While our manuscript was in preparation, Xu et al. (2001) reported that CBP was methylated by CARM1 within the KIX domain (aa 582–672) in vitro. However, we found that the KIX domain of CBP was very weakly methylated in vitro. Also, CBP mutants in which R702, R714, R742 and R768 are deleted or mutated (but still containing the KIX domain) were not methylated at all, or very weakly methylated, by CARM1 in vitro. One possibility to explain this discrepancy could be that methylation on the sites we identified is required for methylation within the KIX domain.

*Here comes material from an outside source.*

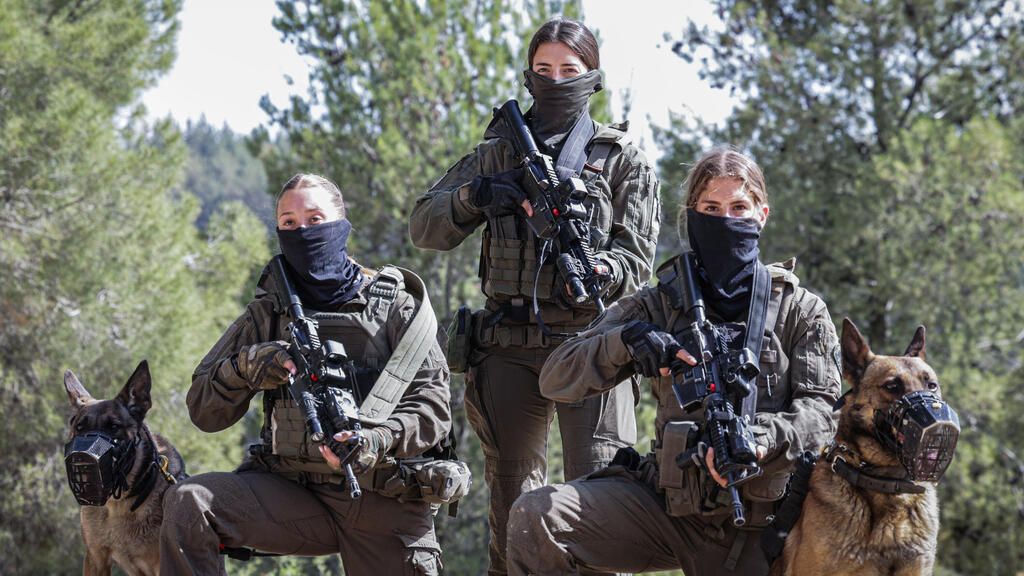 לוחמות עוקץ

If this is the case, then both methylation events will be involved in the same pathway. Methylation of CBP within the KIX domain was proposed by Xu et al. (2001) to be involved in the CREB pathway. We found that a CBP protein mutated on the sites we identified functions as a co-activator for phosphorylated CREB, and this in a manner indistinguishable from wild-type CBP. The two methylation events are thus most likely unrelated and independent processes.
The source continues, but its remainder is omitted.